_WORK INSTRUCTION:_
The entries are to be given again in full. Every word must match.

_ENTRIES PROVIDED:_
%%

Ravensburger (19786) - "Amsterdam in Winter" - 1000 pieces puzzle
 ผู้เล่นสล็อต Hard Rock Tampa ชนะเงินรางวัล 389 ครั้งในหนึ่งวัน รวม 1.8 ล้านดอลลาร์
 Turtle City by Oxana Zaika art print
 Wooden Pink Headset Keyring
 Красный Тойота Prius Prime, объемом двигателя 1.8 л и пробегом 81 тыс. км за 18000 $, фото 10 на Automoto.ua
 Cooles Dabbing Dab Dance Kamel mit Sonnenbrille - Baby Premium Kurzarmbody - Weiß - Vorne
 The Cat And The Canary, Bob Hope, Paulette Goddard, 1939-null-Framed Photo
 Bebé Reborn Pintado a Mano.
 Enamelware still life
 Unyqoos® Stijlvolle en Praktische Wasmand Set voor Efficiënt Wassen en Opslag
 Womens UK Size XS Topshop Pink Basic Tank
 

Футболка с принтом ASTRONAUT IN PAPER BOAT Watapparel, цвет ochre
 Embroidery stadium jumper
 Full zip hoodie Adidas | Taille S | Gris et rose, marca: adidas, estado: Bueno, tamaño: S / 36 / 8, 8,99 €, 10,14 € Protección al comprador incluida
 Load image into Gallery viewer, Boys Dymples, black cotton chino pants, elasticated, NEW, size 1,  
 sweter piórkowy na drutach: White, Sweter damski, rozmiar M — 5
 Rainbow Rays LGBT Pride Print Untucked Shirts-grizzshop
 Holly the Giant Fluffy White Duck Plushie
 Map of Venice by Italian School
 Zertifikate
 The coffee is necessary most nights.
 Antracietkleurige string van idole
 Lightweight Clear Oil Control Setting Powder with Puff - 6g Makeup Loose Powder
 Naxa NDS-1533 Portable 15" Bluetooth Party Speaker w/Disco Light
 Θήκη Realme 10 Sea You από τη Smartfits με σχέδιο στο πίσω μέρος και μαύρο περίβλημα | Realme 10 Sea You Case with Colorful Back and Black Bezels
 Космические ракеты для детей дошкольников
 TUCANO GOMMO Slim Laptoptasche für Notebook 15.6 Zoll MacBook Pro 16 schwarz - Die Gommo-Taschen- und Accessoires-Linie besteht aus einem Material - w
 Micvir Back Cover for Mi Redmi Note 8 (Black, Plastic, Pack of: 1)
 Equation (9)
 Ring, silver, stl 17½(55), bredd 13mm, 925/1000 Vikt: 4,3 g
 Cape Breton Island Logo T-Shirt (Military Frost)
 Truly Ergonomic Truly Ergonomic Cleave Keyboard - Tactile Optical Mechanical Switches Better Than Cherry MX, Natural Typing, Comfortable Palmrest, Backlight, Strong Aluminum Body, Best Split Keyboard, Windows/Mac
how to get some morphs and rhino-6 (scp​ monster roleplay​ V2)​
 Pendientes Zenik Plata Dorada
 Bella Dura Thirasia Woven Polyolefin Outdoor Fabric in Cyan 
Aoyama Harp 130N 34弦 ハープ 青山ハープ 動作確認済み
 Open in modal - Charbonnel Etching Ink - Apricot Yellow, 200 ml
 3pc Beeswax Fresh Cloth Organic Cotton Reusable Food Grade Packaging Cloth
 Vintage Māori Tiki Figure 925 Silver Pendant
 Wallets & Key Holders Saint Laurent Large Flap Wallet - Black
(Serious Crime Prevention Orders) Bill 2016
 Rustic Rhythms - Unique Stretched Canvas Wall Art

%%

_RESULT OF THIS TASK:_
Ravensburger (19786) - "Amsterdam in Winter" - 1000 pieces puzzle
 ผู้เล่นสล็อต Hard Rock Tampa ชนะเงินรางวัล 389 ครั้งในหนึ่งวัน รวม 1.8 ล้านดอลลาร์
 Turtle City by Oxana Zaika art print
 Wooden Pink Headset Keyring
 Красный Тойота Prius Prime, объемом двигателя 1.8 л и пробегом 81 тыс. км за 18000 $, фото 10 на Automoto.ua
 Cooles Dabbing Dab Dance Kamel mit Sonnenbrille - Baby Premium Kurzarmbody - Weiß - Vorne
 The Cat And The Canary, Bob Hope, Paulette Goddard, 1939-null-Framed Photo
 Bebé Reborn Pintado a Mano.
 Enamelware still life
 Unyqoos® Stijlvolle en Praktische Wasmand Set voor Efficiënt Wassen en Opslag
 Womens UK Size XS Topshop Pink Basic Tank
 

Футболка с принтом ASTRONAUT IN PAPER BOAT Watapparel, цвет ochre
 Embroidery stadium jumper
 Full zip hoodie Adidas | Taille S | Gris et rose, marca: adidas, estado: Bueno, tamaño: S / 36 / 8, 8,99 €, 10,14 € Protección al comprador incluida
 Load image into Gallery viewer, Boys Dymples, black cotton chino pants, elasticated, NEW, size 1,  
 sweter piórkowy na drutach: White, Sweter damski, rozmiar M — 5
 Rainbow Rays LGBT Pride Print Untucked Shirts-grizzshop
 Holly the Giant Fluffy White Duck Plushie
 Map of Venice by Italian School
 Zertifikate
 The coffee is necessary most nights.
 Antracietkleurige string van idole
 Lightweight Clear Oil Control Setting Powder with Puff - 6g Makeup Loose Powder
 Naxa NDS-1533 Portable 15" Bluetooth Party Speaker w/Disco Light
 Θήκη Realme 10 Sea You από τη Smartfits με σχέδιο στο πίσω μέρος και μαύρο περίβλημα | Realme 10 Sea You Case with Colorful Back and Black Bezels
 Космические ракеты для детей дошкольников
 TUCANO GOMMO Slim Laptoptasche für Notebook 15.6 Zoll MacBook Pro 16 schwarz - Die Gommo-Taschen- und Accessoires-Linie besteht aus einem Material - w
 Micvir Back Cover for Mi Redmi Note 8 (Black, Plastic, Pack of: 1)
 Equation (9)
 Ring, silver, stl 17½(55), bredd 13mm, 925/1000 Vikt: 4,3 g
 Cape Breton Island Logo T-Shirt (Military Frost)
 Truly Ergonomic Truly Ergonomic Cleave Keyboard - Tactile Optical Mechanical Switches Better Than Cherry MX, Natural Typing, Comfortable Palmrest, Backlight, Strong Aluminum Body, Best Split Keyboard, Windows/Mac
how to get some morphs and rhino-6 (scp​ monster roleplay​ V2)​
 Pendientes Zenik Plata Dorada
 Bella Dura Thirasia Woven Polyolefin Outdoor Fabric in Cyan 
Aoyama Harp 130N 34弦 ハープ 青山ハープ 動作確認済み
 Open in modal - Charbonnel Etching Ink - Apricot Yellow, 200 ml
 3pc Beeswax Fresh Cloth Organic Cotton Reusable Food Grade Packaging Cloth
 Vintage Māori Tiki Figure 925 Silver Pendant
 Wallets & Key Holders Saint Laurent Large Flap Wallet - Black
(Serious Crime Prevention Orders) Bill 2016
 Rustic Rhythms - Unique Stretched Canvas Wall Art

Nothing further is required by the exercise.